Wednesday, 29 February 2012

What CAN’T we do that we really really need to?


Convener: @sethhonnor

Participants: Kate Maravan, Arabelle Lawson, Rebecca Manson Jones, Alyn Gwyndaf, Morven Macbeth, Bridget Floyer
 
Summary of discussion, conclusions and/or recommendations:

First answer to this question is: We can’t write up these notes in a way that suitably captures the session. Further question: Do we really really need to?

We set out to see if there was an answer to this question. Is there ANYTHING we can’t do that we really really need to. The conversation at times really challenged our collective brains. These notes will not convey that depth.

If you “can’t” does that mean its not so important?
We thought that maybe we used that as an excuse sometimes

“I can’t work on my own”
We decided that actually we could.

“I want to create something but I don’t know if I can do it”
We decided that we could overcome that concern probably

“We can’t make people give up their cars but we need to”
“maybe we need to change the way people use them or change the fuel or…”

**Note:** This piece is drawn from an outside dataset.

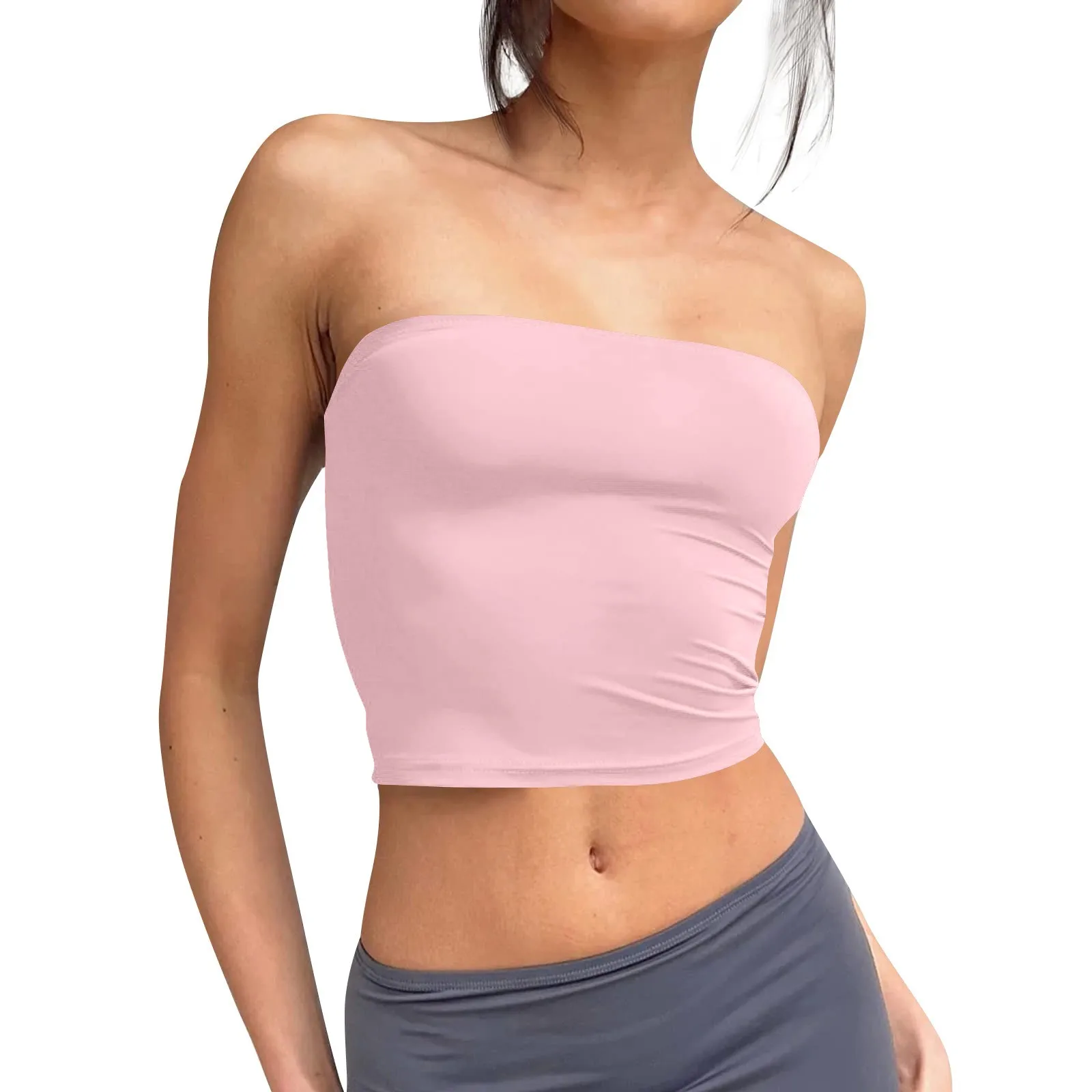 Women's Sleeveless Solid Color Bandeau Tops Strapless Navel Tops Summer Sexy Basic Backless Lightweight Camisole With Chest Pads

“have to doesn’t mean we will” we found this a usefully disruptive statement to the question.

An answer (which maybe stood for other answers?): middle east peace

We discussed how need is subjective

“Did we need to go to the moon?” For inspiration?

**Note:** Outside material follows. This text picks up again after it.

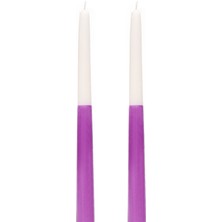 Missi 2li Degrade Mor Konik Şamdan Mum Seti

“We won’t know until we’ve failed to do it”

“Culturally we feel we can’t”

We talked a lot about how this might be more true for some individuals than others depending on their personal context.

Who owns empowerment? The facilitator or the empowered?

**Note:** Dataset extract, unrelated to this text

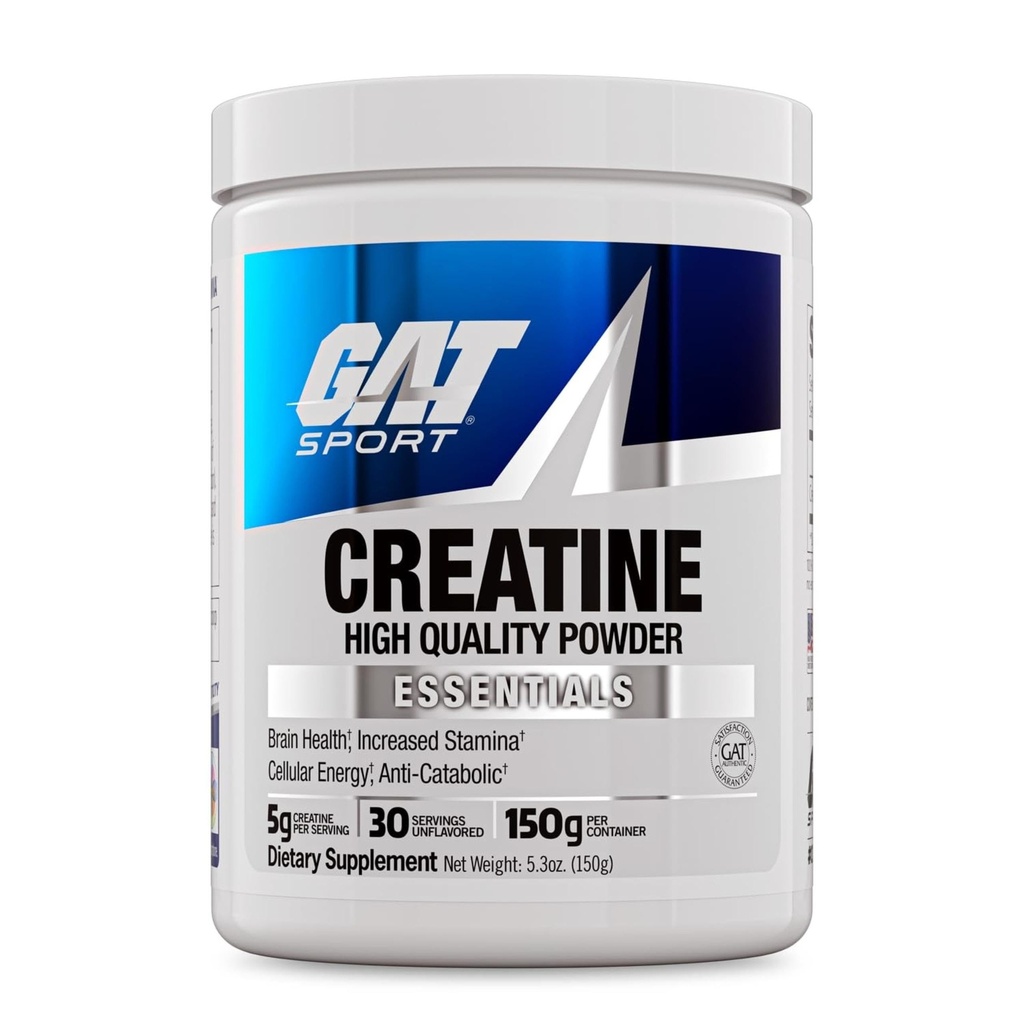 GAT SPORT Creatine Monohydrate Powder, 150 Grams, Strength, Brain Health, GLP1 Support Anti-oxidant, Endurance, for Men & Women, 1 Month Supply, Unflavored (30 Servings)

The voice of “you could do that” is too rare a voice

There are things you can’t do because of who you are (this was as close as we got to a useful answer)

We talked about the “need” bit of the question

“equality of context”

We wondered whether we wanted a society where everyone believes “I can” “we can” (rather than we can’t/I can’t)

We realised that our sense of this being positive was being driven by our own ideologies.

What is the ideology of the empowerment?

An answer: We can’t come up with an answer to the question. Further question: But do we really really need to?